From: Leon Romanovsky <leonro@nvidia.com>

RDMA counters are allocated and bounded to QP immediately after that.
Only after this two step process they are really usable. By combining
the logic, we are ensuring that once counter is returned to the caller,
it will have everything set.

Signed-off-by: Leon Romanovsky <leonro@nvidia.com>
---
 drivers/infiniband/core/counters.c | 130 +++++++++++++----------------
 1 file changed, 58 insertions(+), 72 deletions(-)

diff --git a/drivers/infiniband/core/counters.c b/drivers/infiniband/core/counters.c
index fa1a4a318fd7..e208cc6d3cb0 100644
--- a/drivers/infiniband/core/counters.c
+++ b/drivers/infiniband/core/counters.c
@@ -64,8 +64,40 @@ int rdma_counter_set_auto_mode(struct ib_device *dev, u8 port,
 	return ret;
 }
 
-static struct rdma_counter *rdma_counter_alloc(struct ib_device *dev, u8 port,
-					       enum rdma_nl_counter_mode mode)

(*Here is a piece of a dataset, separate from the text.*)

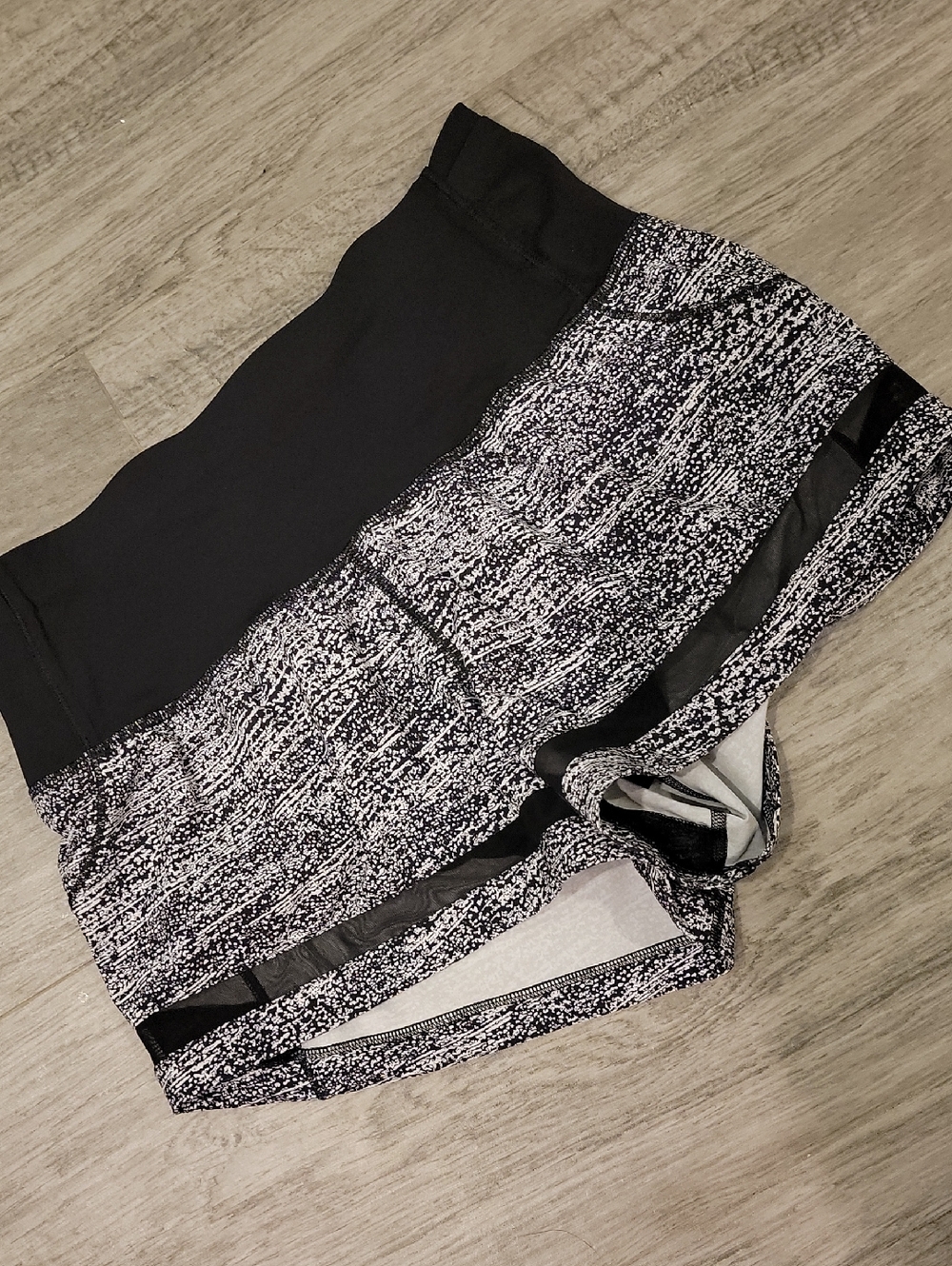 Lululemon Perfect Pace Running Short/ workout shorts in Airtime White & Black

+static void auto_mode_init_counter(struct rdma_counter *counter,
+				   const struct ib_qp *qp,
+				   enum rdma_nl_counter_mask new_mask)
+{
+	struct auto_mode_param *param = &counter->mode.param;
+
+	counter->mode.mode = RDMA_COUNTER_MODE_AUTO;
+	counter->mode.mask = new_mask;
+
+	if (new_mask & RDMA_COUNTER_MASK_QP_TYPE)

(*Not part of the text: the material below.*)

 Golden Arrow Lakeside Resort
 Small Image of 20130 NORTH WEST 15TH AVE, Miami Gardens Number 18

+		param->qp_type = qp->qp_type;
+}
+
+static int __rdma_counter_bind_qp(struct rdma_counter *counter,
+				  struct ib_qp *qp)
+{
+	int ret;
+
+	if (qp->counter)
+		return -EINVAL;
+
+	if (!qp->device->ops.counter_bind_qp)
+		return -EOPNOTSUPP;
+
+	mutex_lock(&counter->lock);
+	ret = qp->device->ops.counter_bind_qp(counter, qp);
+	mutex_unlock(&counter->lock);
+
+	return ret;
+}
+
+static struct rdma_counter *alloc_and_bind(struct ib_device *dev, u8 port,
+					   struct ib_qp *qp,
+					   enum rdma_nl_counter_mode mode)
 {
 	struct rdma_port_counter *port_counter;
 	struct rdma_counter *counter;
@@ -88,11 +120,19 @@ static struct rdma_counter *rdma_counter_alloc(struct ib_device *dev, u8 port,
 
 	port_counter = &dev->port_data[port].port_counter;
 	mutex_lock(&port_counter->lock);
-	if (mode == RDMA_COUNTER_MODE_MANUAL) {
+	switch (mode) {
+	case RDMA_COUNTER_MODE_MANUAL:
 		ret = __counter_set_mode(&port_counter->mode,
 					 RDMA_COUNTER_MODE_MANUAL, 0);
 		if (ret)
 			goto err_mode;
+		break;
+	case RDMA_COUNTER_MODE_AUTO:
+		auto_mode_init_counter(counter, qp, port_counter->mode.mask);
+		break;
+	default:
+		ret = -EOPNOTSUPP;
+		goto err_mode;
 	}
 
 	port_counter->num_counters++;
@@ -102,6 +142,12 @@ static struct rdma_counter *rdma_counter_alloc(struct ib_device *dev, u8 port,
 	kref_init(&counter->kref);
 	mutex_init(&counter->lock);
 
+	ret = __rdma_counter_bind_qp(counter, qp);
+	if (ret)
+		goto err_mode;
+
+	rdma_restrack_parent_name(&counter->res, &qp->res);
+	rdma_restrack_add(&counter->res);
 	return counter;
 
 err_mode:
@@ -132,19 +178,6 @@ static void rdma_counter_free(struct rdma_counter *counter)
 	kfree(counter);
 }
 
-static void auto_mode_init_counter(struct rdma_counter *counter,
-				   const struct ib_qp *qp,
-				   enum rdma_nl_counter_mask new_mask)
-{
-	struct auto_mode_param *param = &counter->mode.param;
-
-	counter->mode.mode = RDMA_COUNTER_MODE_AUTO;
-	counter->mode.mask = new_mask;
-
-	if (new_mask & RDMA_COUNTER_MASK_QP_TYPE)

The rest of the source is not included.